> **ABOUT THIS TASK**
All lines in the records below from the line with "Biron Chalet De" through the line with "Snapshot of tommy__gun_" are to be given again exactly, both ends included; the pictures are to be left out.

Short web captions
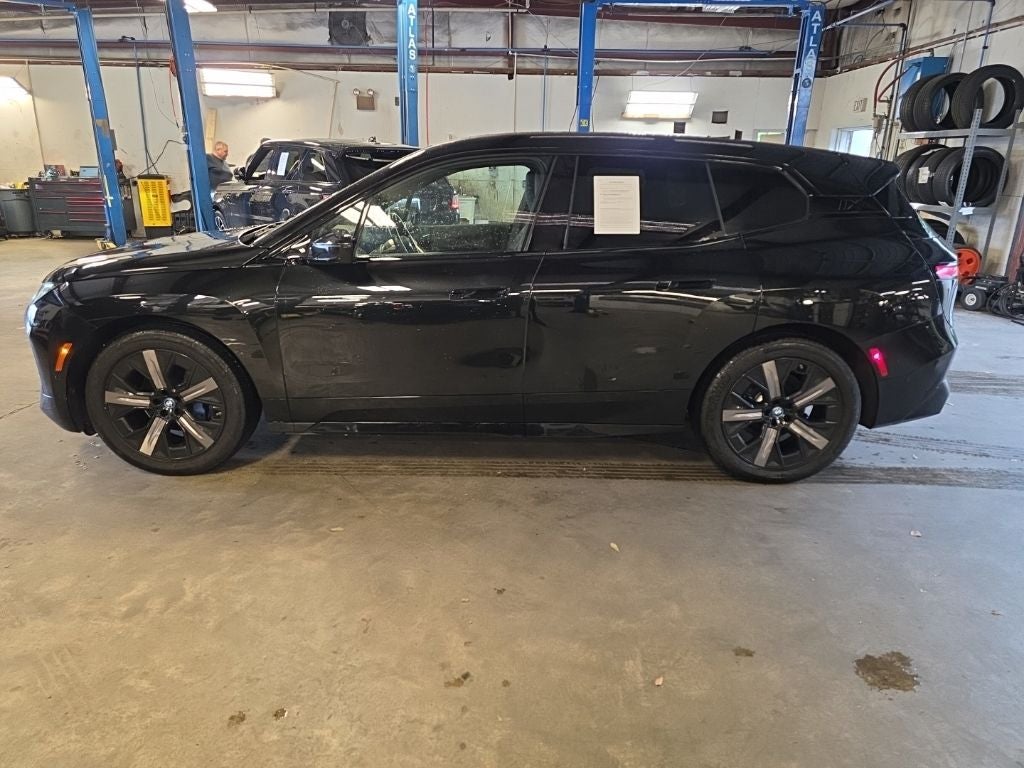 bmw ix 2023 WB523CF02PCM53372 image bmw ix 2023 WB523CF02PCM53372 image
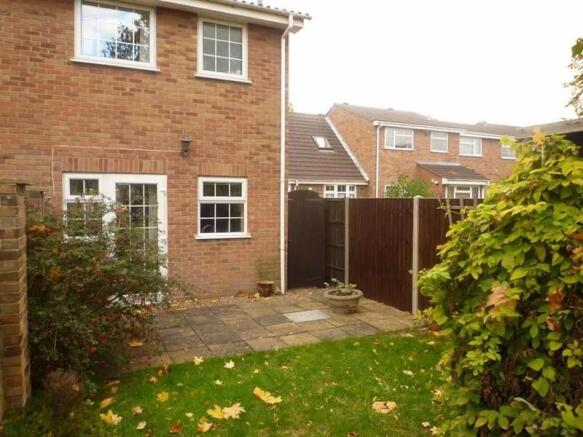 OUTSIDE FRONT/REAR GARDENS
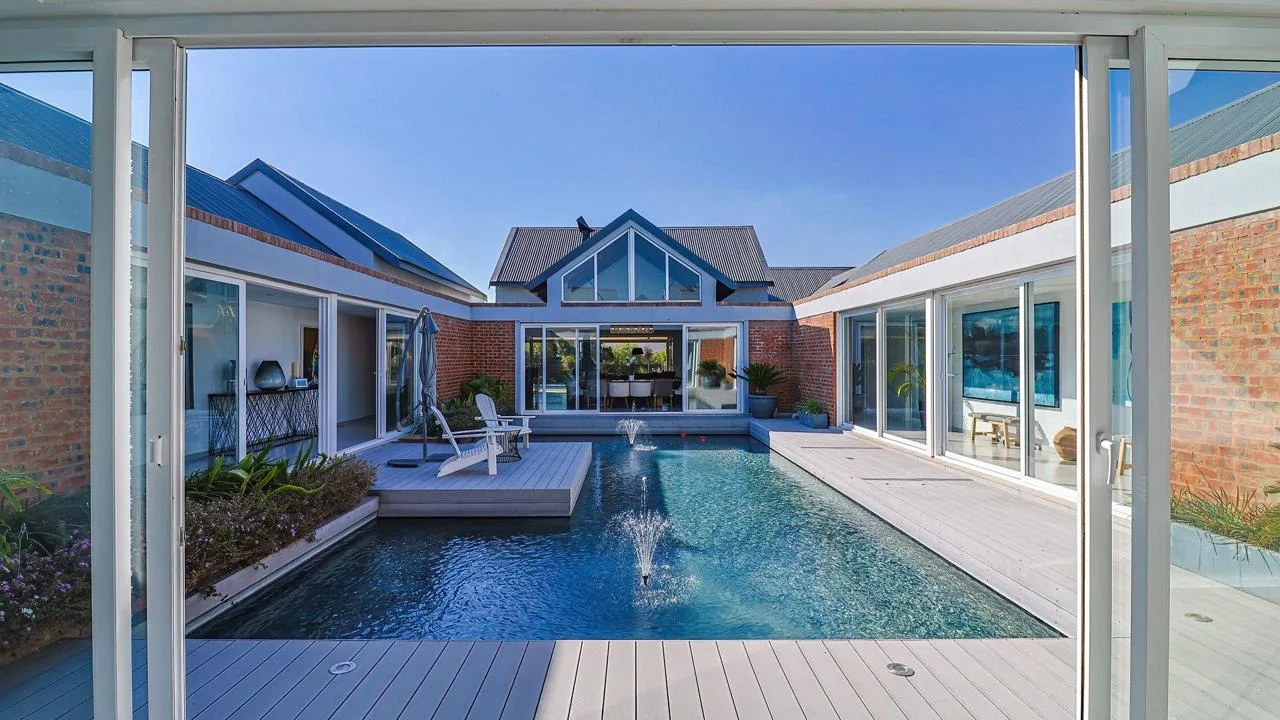 4 Bedroom House for sale in The Coves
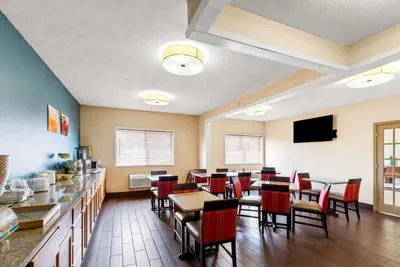 Photo 3 - Quality Inn & Suites Springfield Southwest near I-72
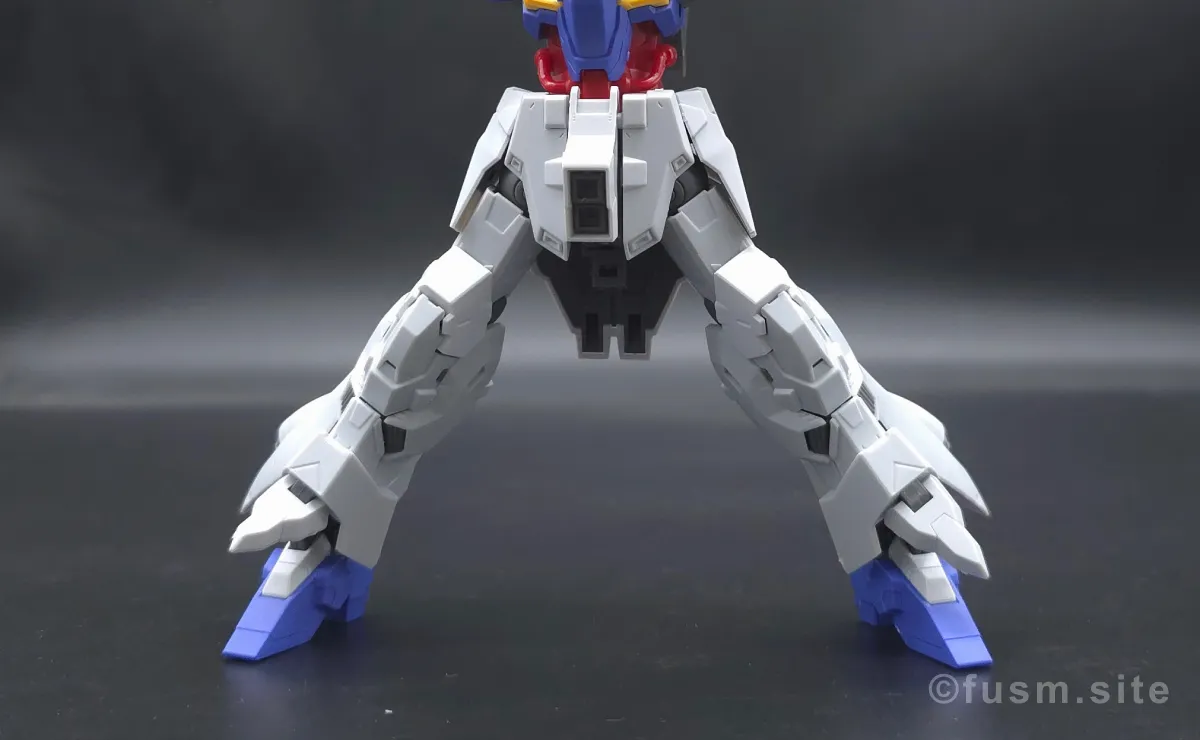HGUC ムーンガンダム レビュー 脚部ディテール 可動域 02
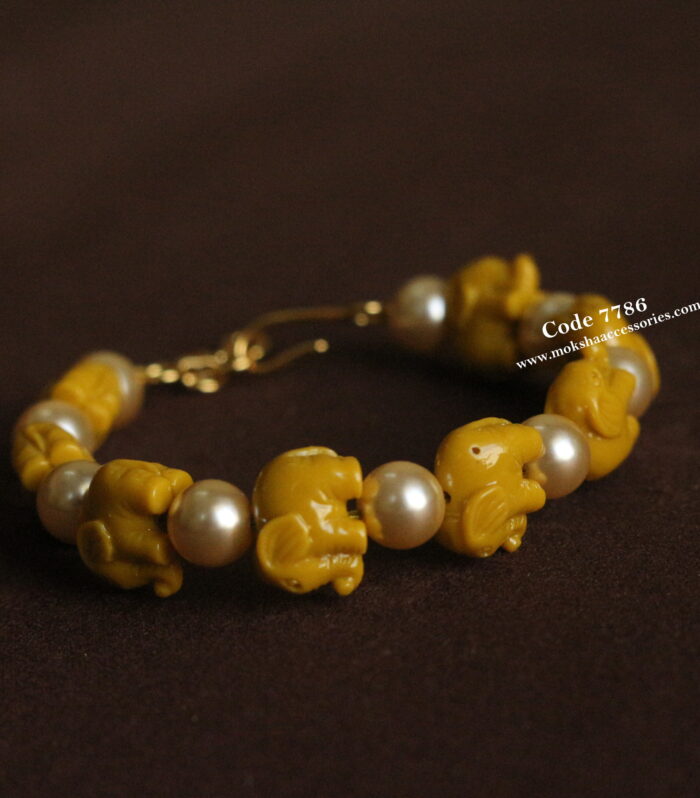Elephant and sarvoski pearl bracelet
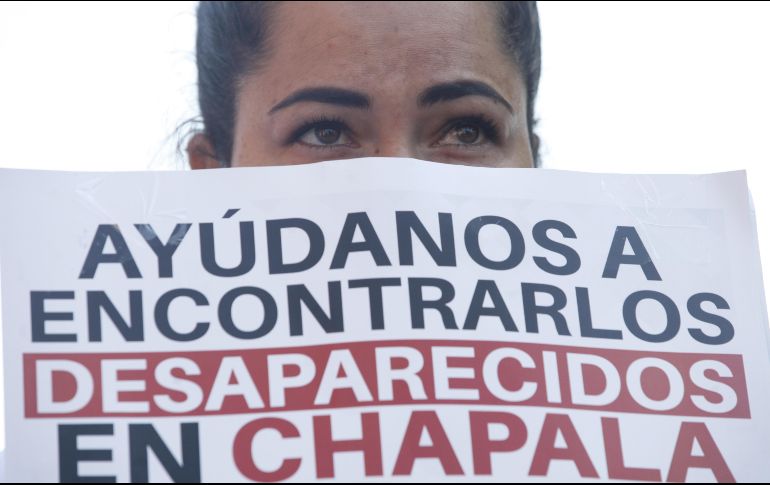 Esta mañana habitantes de Chapala se manifestaron por la desaparición de Griselda, Ángel y Wenceslao. EFE/F. Guasco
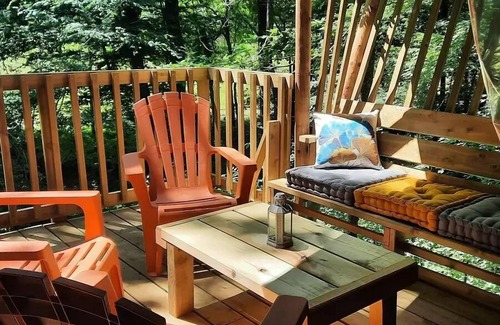 Biron Chalet De Esquí | Castelwood Lodges**** - 4 Person Safari Tent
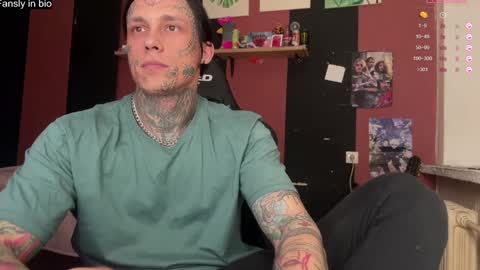 Snapshot of tommy__gun_ chatting on December 28, 4:20 pm Tommy and Katana online show from December 28, 4:20 pm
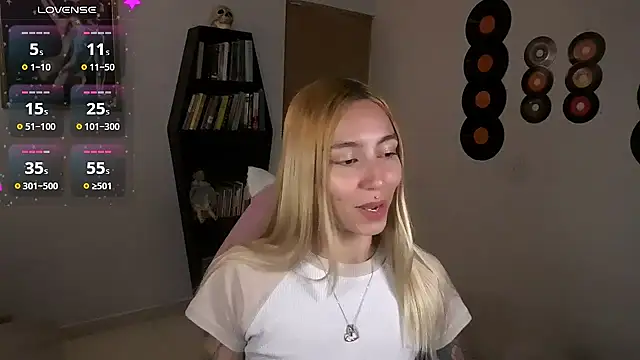 Snapshot of Saucy_Jenn chatting on 12, 10, 2025 Saucy Jenn online show from 12, 10, 2025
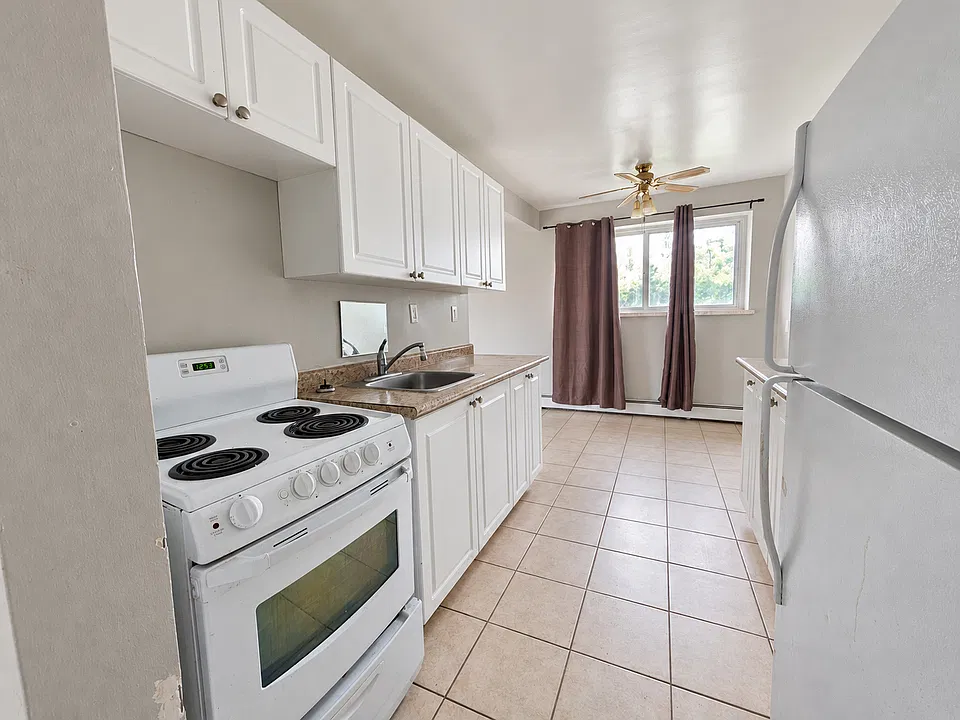 875 Colborne Rd #106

> **TASK RESPONSE**
 Biron Chalet De Esquí | Castelwood Lodges**** - 4 Person Safari Tent
 Snapshot of tommy__gun_ chatting on December 28, 4:20 pm Tommy and Katana online show from December 28, 4:20 pm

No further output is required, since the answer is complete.